About 13 years ago I tore a page out of the Guardian weekend magazine and stuck it to my fridge. It was about a man calling himself Barn the Spoon, who lived in the woods, carving spoons, pottering about, and generally seeming to have a lovely time, free from the shackles of capitalism. I admired Barn the Spoon. I wanted a bit of that feeling for myself.
Every time I moved house, I’d take Barn off the fridge and carefully fold him up and then when I unpacked at the other end, back he’d go, reminding me to follow my dreams, even if they didn’t make me a lot of money or involved living in a hut.
Here he is:
Just before Christmas I took Barn off the fridge once more, carefully folded him, and took him to London to a spoon carving workshop. My host? BARN THE SPOON.

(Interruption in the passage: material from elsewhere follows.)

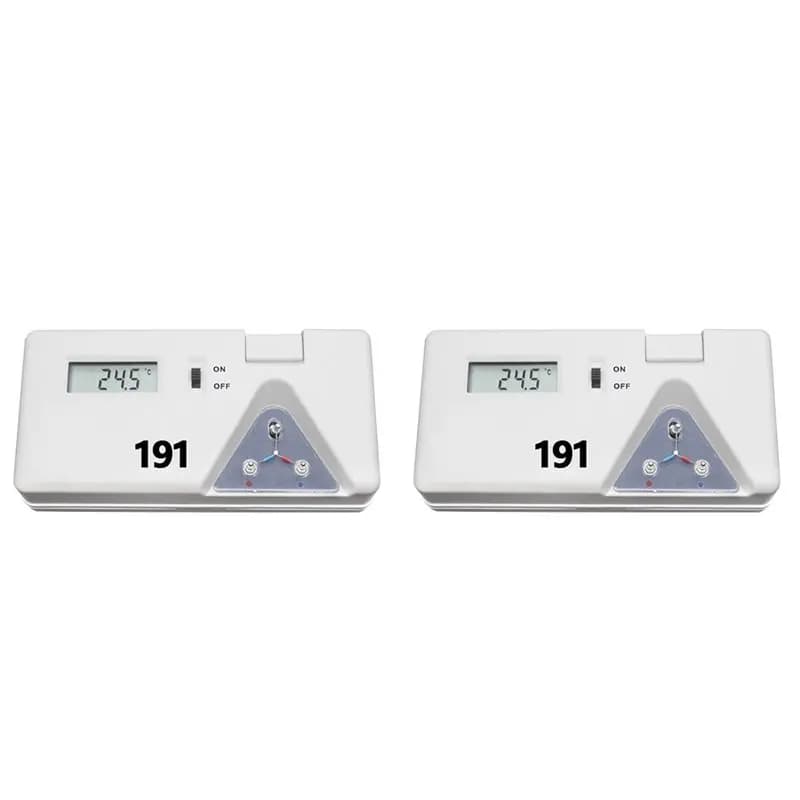 A02M-2X New Iron Tip Tester Iron Tip Thermometer Soldering Temperature Tester Iron Tip Thermometer Digit Display 0℃-600℃ Tip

I know right? Talk about dreams come true. I added ‘carve a spoon with Barn the Spoon’ to my list of 50 things to do before I’m 50 when I realised that Barn’s own spoon carving dreams had evolved into teaching regular carving workshops, holding a spoon festival – Spoonfest – and even publishing three books all about carving spoons.
I was nervous. When you hold someone up as an inspiration, a model of how you want to shape your own life and ambition, you attach certain feelings and traits to them. They represent something, something that can mean whatever you want it to mean. When you actually meet that person on a cold December Sunday in a city farm in East London, well… there’s scope to be disappointed.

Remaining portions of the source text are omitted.